╭──
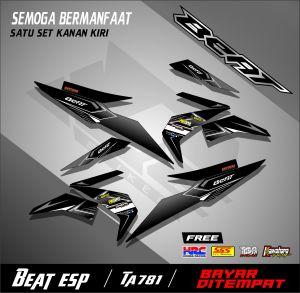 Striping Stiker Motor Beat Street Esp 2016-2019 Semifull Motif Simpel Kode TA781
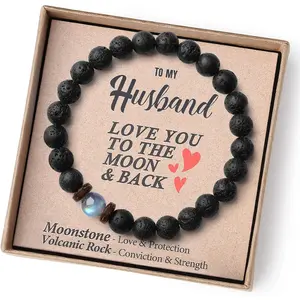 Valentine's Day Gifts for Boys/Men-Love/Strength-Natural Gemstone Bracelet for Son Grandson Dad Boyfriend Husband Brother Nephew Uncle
╰──
╭──
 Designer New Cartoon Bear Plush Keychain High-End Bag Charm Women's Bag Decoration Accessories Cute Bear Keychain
╰──
╭──
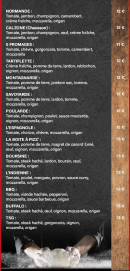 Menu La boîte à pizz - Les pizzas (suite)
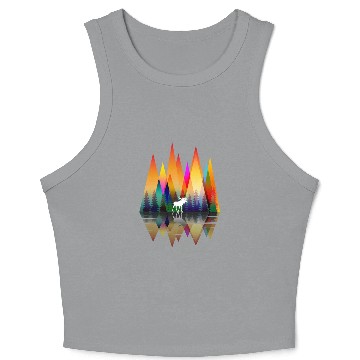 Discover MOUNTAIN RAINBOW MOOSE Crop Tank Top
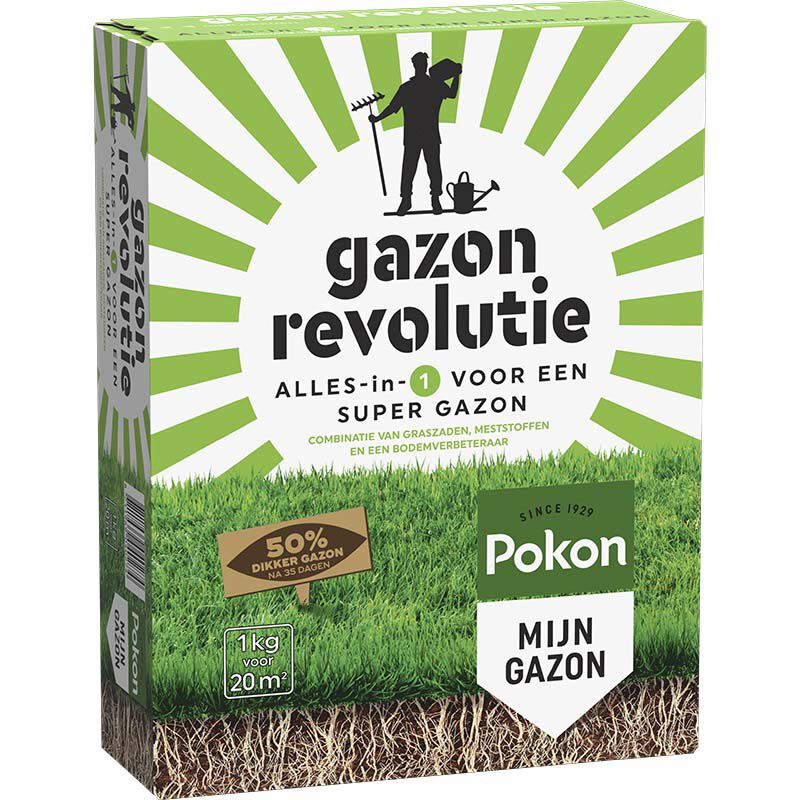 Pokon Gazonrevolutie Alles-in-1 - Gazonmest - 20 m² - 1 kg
╰──
Exercise details =>
Copy out exactly the lines above beginning with the line that contains "Striping Stiker Motor" and finishing with the line that contains "Valentine's Day Gifts", including both; leave the pictures out.

Solution =>
 Striping Stiker Motor Beat Street Esp 2016-2019 Semifull Motif Simpel Kode TA781
 Valentine's Day Gifts for Boys/Men-Love/Strength-Natural Gemstone Bracelet for Son Grandson Dad Boyfriend Husband Brother Nephew Uncle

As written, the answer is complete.